According to the agreement, it would implement a one-time off schedule compensation of about 2.5 percent of the base pay of the 2017 spring semester, and create changes to banked load that would give faculty who retire this year up to a $20,000 bonus.

“For a lot of people a bonus is enough justification for approving this agreement,” Michels said. “Even if it is a small one-time bonus, it was included to compensate for the work required with switching over courses to a reduced semester.”

According to the UF Table Talk weekly newsletter issued Thursday, this bonus will also pay for professors to the district’s new online learning management system — Canvas.

Contra Costa College President Mojdeh Mehdizadeh said the agreement also sets minimum hours a week for counselors and librarians but more discussions with department chairpersons and division deans are needed to resolve scheduling issues particularly for the sciences and nursing departments.

“Science and nursing faculty will have the hardest time adjusting to the change,” Mehdizadeh said. “But the positive side we are not the first college to do this and can look to them for examples.”

Huff said discussions about moving from an 18-week semester to a 16-week schedule have been simmering at the district for about a decade, but it was tabled for a variety of reasons.

“In the last two years it has come up again,” he said.

“But this time with a higher level of interest. This is what we were missing when the district was contemplating the decision in the past.”

Michels said the district reached out to various colleges throughout the state and invited speakers who have experienced a switch first hand to its campuses for workshops.

“Last year the Academic Senate worked with administrators and professors from other community colleges to work within the framework of a compressed calendar,” he said.

“On the UF website we have uploaded videos of speakers from these colleges explaining the benefits of the switch.”

But Leong said before they can work out the final issues with the scheduling, the agreement must go through the Chancellor’s Office for approval.

“Business takes a lot of time there,” he said. “It is a formality, but we still have a lot more time and resources to make all changes necessary to prepare for a 16-week calendar. “It would be very surprising for this be delayed any further, especially considering this been a topic of discussion for quite a while.

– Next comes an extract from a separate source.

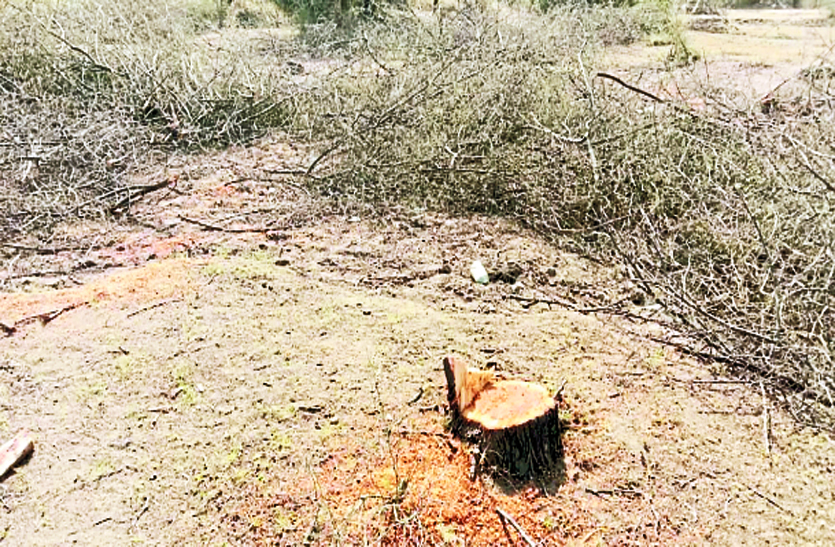 चरागाह भूमि से पेड़ों हो रही अवैध कटाई, अधिकारियों ने किया निरीक्षण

Mehdizadeh said she was part of the district task force created in 2006 that began researching benefits to a compressed calendar.

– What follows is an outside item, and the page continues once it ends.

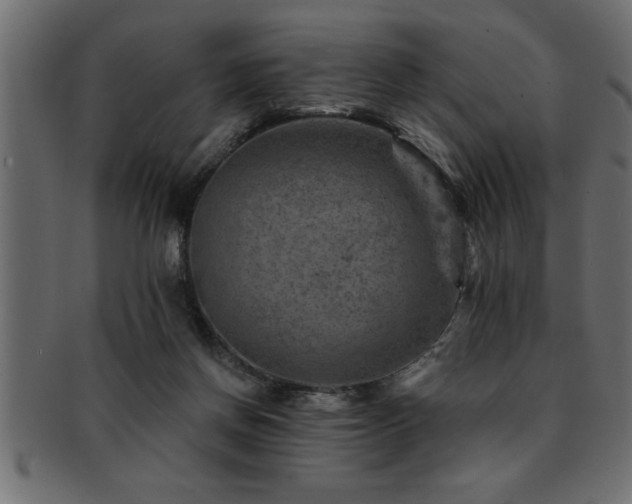 X0000093170166200709261535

“There was interest,” Mehdizadeh said. “But at the time we were not ready to make a move for each constituency group review and provide feedback so we did not have consensus across board.”

Now, she said the district Research Office has looked at data from other institutions who have converted to comp calendar and shared those finding with constituency groups throughout the district as it nears a tangible switch to promote student success.

“All the research I’ve looked at shows that it is beneficial for students,” Mehdizadeh said, “The condensed time period provides an opportunity for students to focus in a slightly shortened time period.

“You don’t get sense of getting tired over lengthier time frame. Success rates look better for students who are on compressed calendars schedules in comparison to 18-week schedules.”

She said considering where the district was in 2006 in terms of being prepared to provide its community a smooth transition, now is the appropriate time accept change.

“A decision is coming up pretty soon,” Leong said. “Given the fact we are anticipating a 2018 fall semester implementation date for this tentative agreement on the compressed calendar.

“I cannot fathom that we will not be talking about this at a Governing Board meeting within this semester.”

CCC history professor Manu Ampim and Michels both agree that the transition from a longer semester to a shorter one will benefit students and needs to be approved as soon as possible.

“The compressed calendar is going to help a vast number of students who find the 18-week semester too long,” Ampim said. “I am 100 percent convinced the majority will be helped by it.”